Normally, glycogen is found in fetal skeletal muscle, liver and heart, as shown in the PAS staining of whole-mount wild-type E17.5 embryo sections. This demonstrates that there is fetal glycogen synthesis and thus GYS activity that would be required to initiate glycogen synthesis. This fetal glycogen is stored to be used during delivery and after birth in order to provide glucose until newborns begin feeding. With this in mind, we studied the GYS activity in embryos. GYS is under both hormonal and allosteric regulation by glucose-6 phosphate. Allosteric regulation is believed to supersede the hormonal inhibition mediated by phosphorylation, so as to protect the cell against very high intracellular glucose concentrations. High intracellular glucose causes glycogen accumulation irrespective of cellular energy status, as demonstrated in disorders of glycolysis, where, despite a metabolic block in glycolysis that causes an intracellular energy deficit, glycogen still accumulates (17,18). We have found substantial GYS activity in Gbe1−/− skeletal muscle and abundant GYS protein. However, GYS activity in Gbe1−/− mice is considerably less responsive to glucose 6-phosphate-mediated activation in comparison to that of control mice, suggesting that there is a minimal requirement for GBE in the allosteric activation of GYS. Lack of glycogen in tissues in the absence of GYS has been reported previously (19,20). Unlike GBE, GYS has two isoforms; liver-specific GYS2 and GYS1 that is expressed in other tissues. GYS2-deficient mice have near-normal development, whereas 90% of GYS1-deficient mice die after birth. Thus, given that there is a single Gbe1 locus, Gbe1−/− mice mimic the course of GYS1-deficient mice, yet, like GYS2-deficient mice, also lack significant amounts of liver glycogen (but readily detectable PG). Hence, the early death of GBE-deficient mice is likely not solely a consequence of an absence of structurally normal glycogen in the liver. While we did not observe hydropic embryos or left ventricular non-compaction, the hearts of Gbe1−/− mice appear to have disrupted myocardial architecture in association with widespread PG accumulation. Future studies in Gbe1−/− mice will address the molecular basis for this structurally abnormal myocardium.

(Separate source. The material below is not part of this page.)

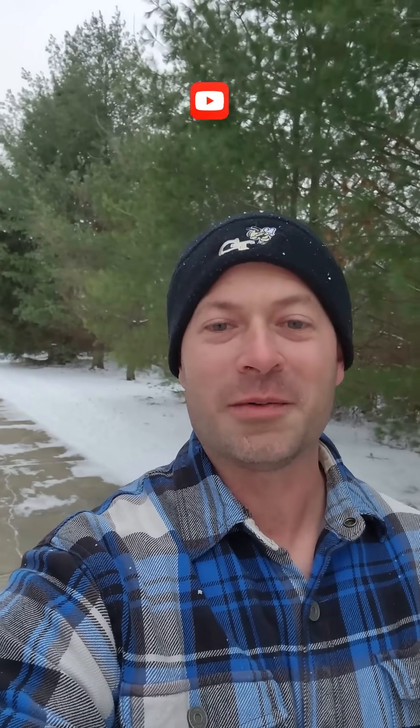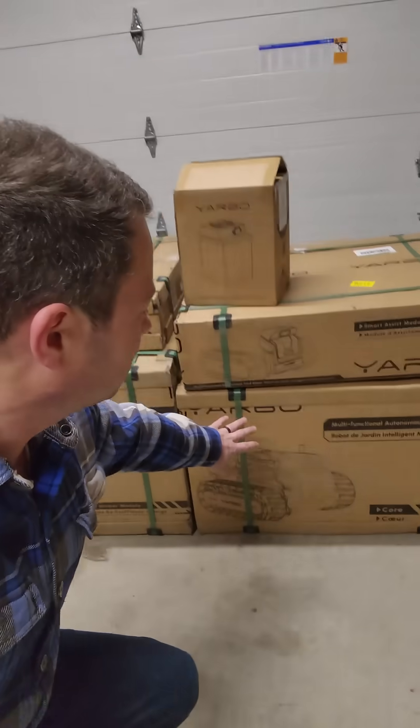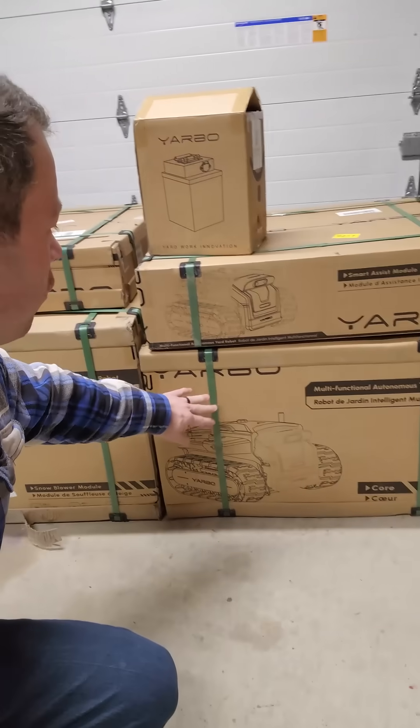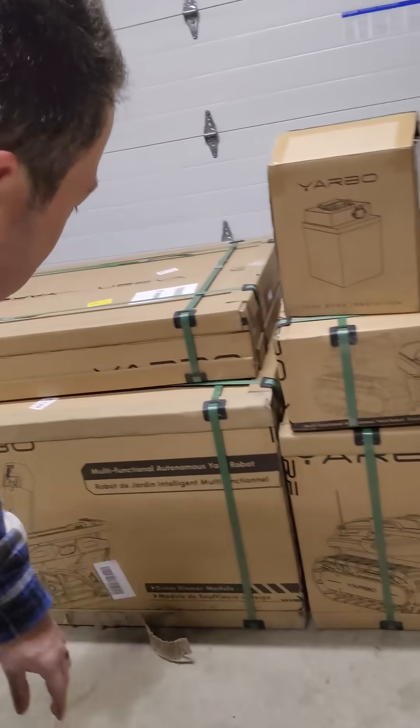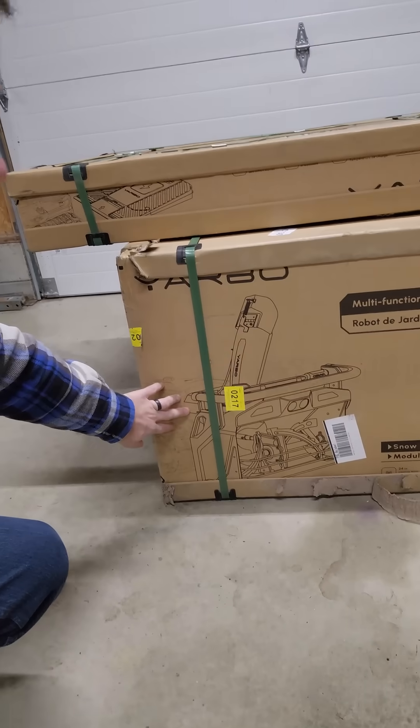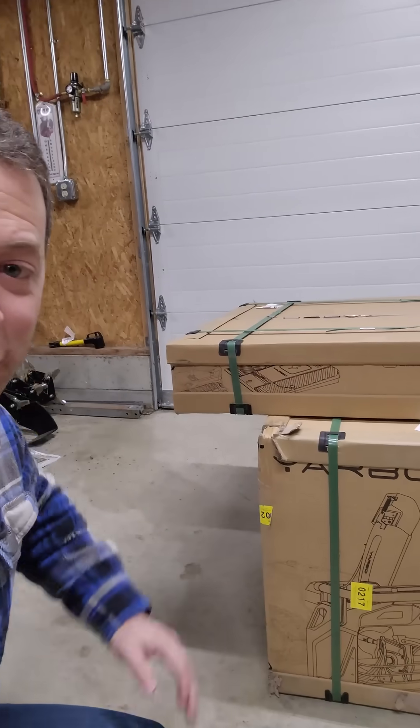This is the first snowfall of the season here in Michigan, which is great timing because I just got my Yarbo yard robot. It has lots of attachments, one of them is a snowblower, so I'm going to get this thing unboxed and set up, and I'm going to be testing this over winter. Here are my boxes — the main one is the Yarbo core unit, this is the 2024 machine. I have the smart assist module above it along with the main battery. We also have the snowblower attachment as well as the wireless charging pad.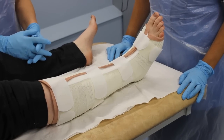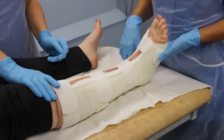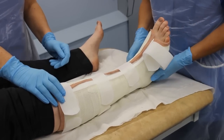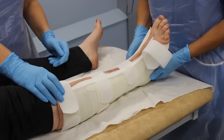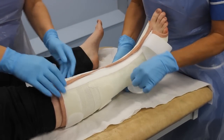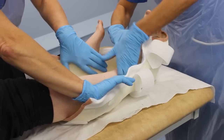Like all casts, this cast needs checking. If you have a removable cast, it may be held in place with Velcro straps or bandages. The doctor or nurse will inform you when the cast can be removed. To remove it, undo the straps or bandages, spread open the flexible section of the cast using your hands, and lift the limb free.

The PGK-Neomycin cassette used for positive selection in mouse embryonic stem (ES) cells alters the expression of Gbe1. Both GBE activity assays and western blotting have shown that transcription of the Gbe1 gene has been reduced. This has generated a phenotype similar to the juvenile and adult forms of GSD IV. Point mutations that decrease enzyme activity such as Y329S and R545H cause amylopectinosis as a recessive trait. Thus, in order to manifest the disease, enzyme activity must be <50% (21). However, there are rare case reports of manifesting heterozygotes, with clinical features occurring in the sixth decade of life (22). In aged humans and animals, PG-like bodies known as corpora amylacea can be seen in white matter and axons, but the relationship to GBE activity remains unexplored (23–26). Gbe1+/− mice will be aged to determine whether a reduction in GBE can lead to the formation of PG bodies in the brain.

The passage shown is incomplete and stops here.